NovelToon NovelToon
THE SMILING KILLER : Faces Of Mercy

THE SMILING KILLER : Faces Of Mercy

Status: sedang berlangsung
Genre:Misteri / Action
Popularitas:518
Nilai: 5
Nama Author: Firmanshxx969

Di tengah gemerlap kota, kegelapan purba bangkit.

​Satu per satu, para elite yang telah "bertobat" ditemukan tewas dalam ritual penyiksaan yang mengerikan. Mantan preman, pengusaha licik, semua yang kini dermawan, tubuhnya dipajang sebagai altar dosa masa lalu mereka.

​Sang pembunuh tidak meninggalkan sidik jari. Hanya sebuah teka-teki teologis: ayat-ayat Alkitab tentang murka dan penghakiman yang ditulis dengan darah.

​Media menjulukinya: "Sang Hakim".

​Ajun Komisaris Polisi (AKP) Daniel Tirtayasa, detektif veteran yang hidupnya ditopang oleh iman, ditugaskan memburu bayangan ini.

​Namun, perburuan kali ini berbeda. Sang Hakim tidak hanya membunuh; ia berkhotbah dengan pisau bedah, memutarbalikkan setiap ayat suci yang Daniel pegang teguh. Setiap TKP adalah kapel penghujatan yang menantang eksistensi pengampunan.

​Kini, perburuan ini menjadi personal.

​Mampukah Daniel menangkap Sang Hakim sebelum imannya sendiri hancur berkeping-keping?

Karya ini diterbitkan atas izin NovelToon Firmanshxx969, isi konten hanyalah pandangan pribadi pembuatnya, tidak mewakili NovelToon sendiri

BAB 13

Minggu ketiga investigasi. Ruang komando baru Satgasus "Operasi Penebusan" terasa seperti sebuah kapsul yang terisolasi dari waktu. Di dalamnya, udara terasa pengap oleh aroma kafein yang terbakar, kertas, dan frustrasi yang kental. Papan tulis putih yang tadinya bersih kini telah menjadi kanvas yang kacau. Foto Lukas dan Riana menatap mereka, seolah mengejek. Diagram alur investigasi bercabang ke puluhan jalan buntu.

AKP Daniel Tirtayasa memijat pangkal hidungnya, merasakan denyut lelah di belakang matanya. Petunjuk yang diberikan Dr. Samuel pelaku dengan latar belakang medis terasa begitu logis.

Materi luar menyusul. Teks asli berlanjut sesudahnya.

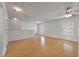 Bright living room with hardwood floors, ceiling fan, white walls and natural light at 4977 Ballantine Dr, Summerville, SC 29485
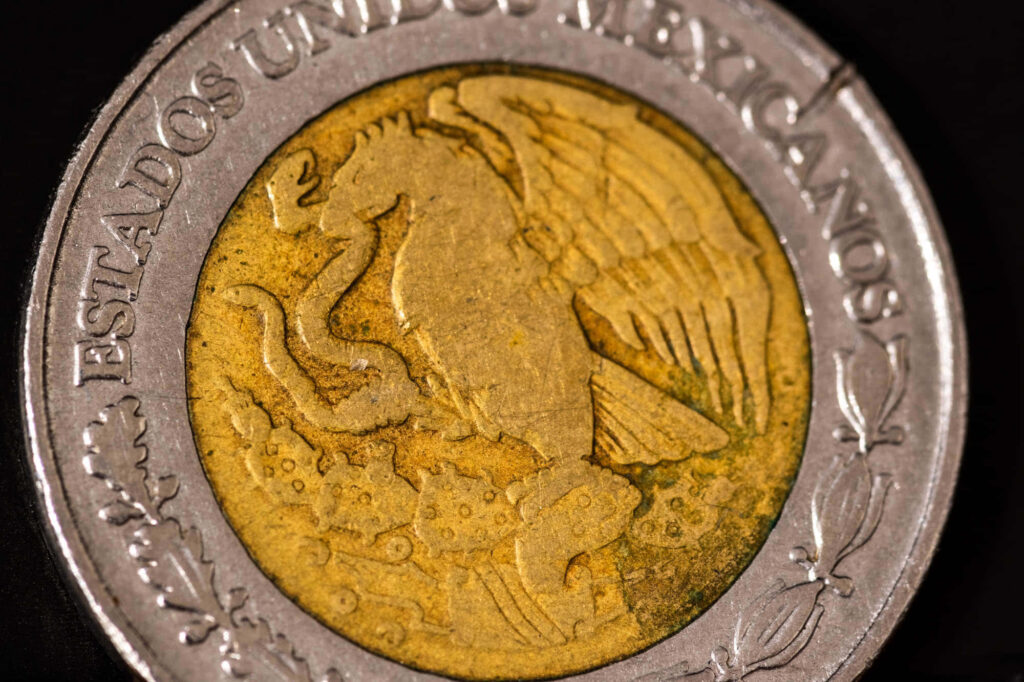 Macro Shot of Mexican Coin: Golden Eagle Design Wallpaper Background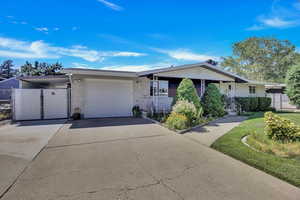 View of front of property with a garage and a front lawn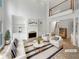 Bright living room with fireplace, built-in bookshelves, soaring ceilings, and a view to the second level at 3083 Milledge Gate Se Ct, Marietta, GA 30067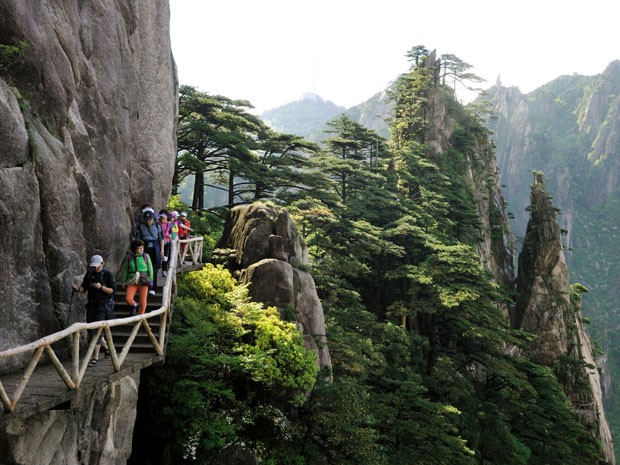 Turistas passam na cadeia montanhosa de Huangshan, na China (Foto: Mattes Ren/hemis.fr/AFP)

Namun dalam praktiknya, itu adalah labirin tanpa akhir.

“Jarum di tumpukan jerami,” gumam Iptu Hasan, detektif Jatanras senior yang duduk di seberang meja, sambil melempar pulpennya ke atas tumpukan berkas. “Kita sudah memeriksa data dari Ikatan Dokter Indonesia, PPNI, bahkan daftar alumni fakultas kedokteran lima tahun terakhir. Ribuan nama, Ndan. Ribuan. Tidak ada satupun yang punya kaitan logis dengan kedua korban. Kita mencari hantu.”

“Data sampah, sampah keluar,” Kompol Reza menimpali dari sudutnya, matanya merah menatap tiga monitor sekaligus. “Aku sudah mencoba mencari koneksi digital tersembunyi. Email, media sosial, riwayat perbankan. Nihil. Mereka tidak terhubung.”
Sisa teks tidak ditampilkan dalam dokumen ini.